As for the value of k, hopefully this interactive spreadsheet will clear up my use-case:
https://www.desmos.com/calculator/u2upssovok
This shows the absolute value of the transfer function plotted for equation 7 of your paper.
This shows that k, varying between 0 and N varies the position of a complex bandpass at a peak frequency of 2*pi*k/N. Therefore I am effectively setting k as the frequency at which to position the bandpass filter.
This allows me to arbitrarily position the SlidingDFT frequencies wherever I want them to be, thus allowing log-space SlidingDFT as a variant to the linear-space SlidingDFT typically used.
Is that not a correct interpretation? It certainly seems to be given the magnitude response.
I therefore basically interpret your paper as a re-interpretation of the SlidingDFT as a fractionally-settable complex band-pass filter.
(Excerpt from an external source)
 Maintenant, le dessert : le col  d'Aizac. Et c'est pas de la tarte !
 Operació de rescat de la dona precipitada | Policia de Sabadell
Thanks, I hope that helps you understand my usage of your awesome paper!
Thank you,
Luke

Hello Luke. First, I take back what I wrote about your software definition of variable 'k'. My mistake. Your software definition for 'k' is fine.
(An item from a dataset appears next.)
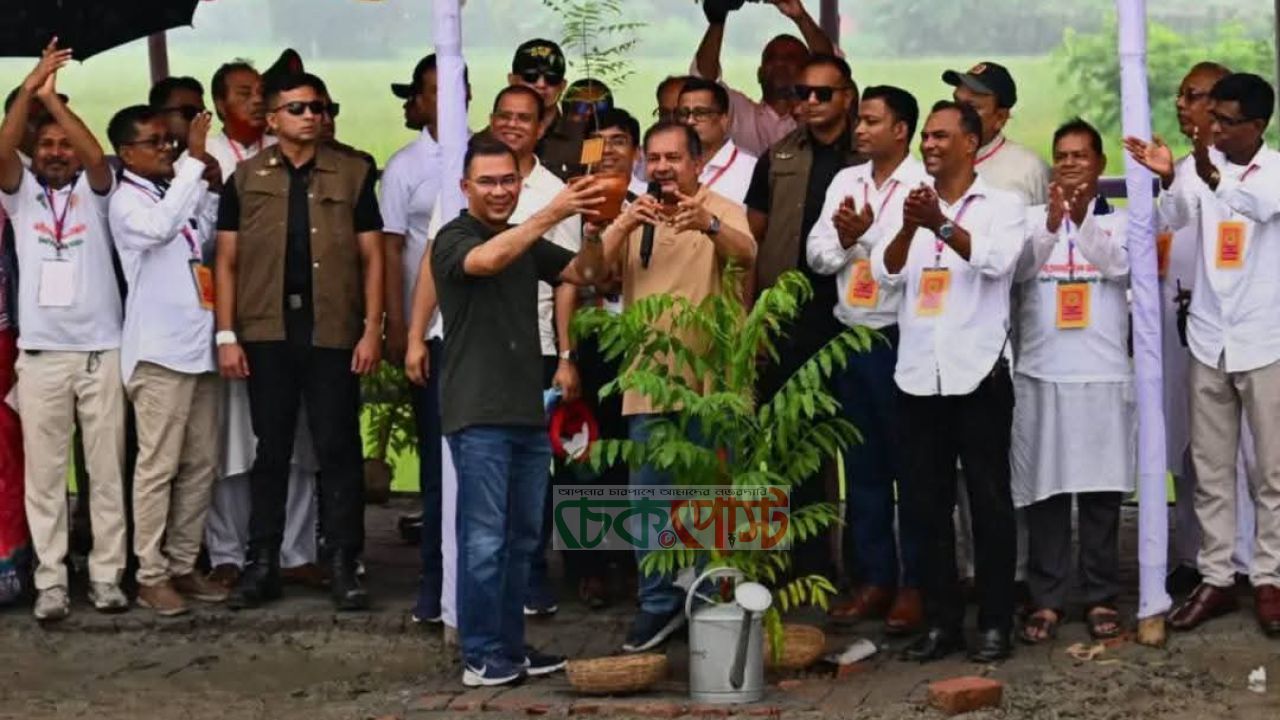 বীরগঞ্জ থানায় বৃক্ষরোপণ কর্মসূচির উদ্বোধন করলেন এসপি জেদান আল মুসা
That interactive spreadsheet demo is *beautifully* informative. Good job!
[-Rick-]

OK good to know thanks @RickLyons.
My main point of confusion is still why the guaranteed stable version begins to introduce noise in the low frequency SlidingDFT after a few hundred samples, whereas the marginally stable version doesn't.
I still cannot figure out if this is an issue with my implementation or the algorithm itself.
I'd be happy to post all my code and any more details in order to resolve it.
Thanks,
Luke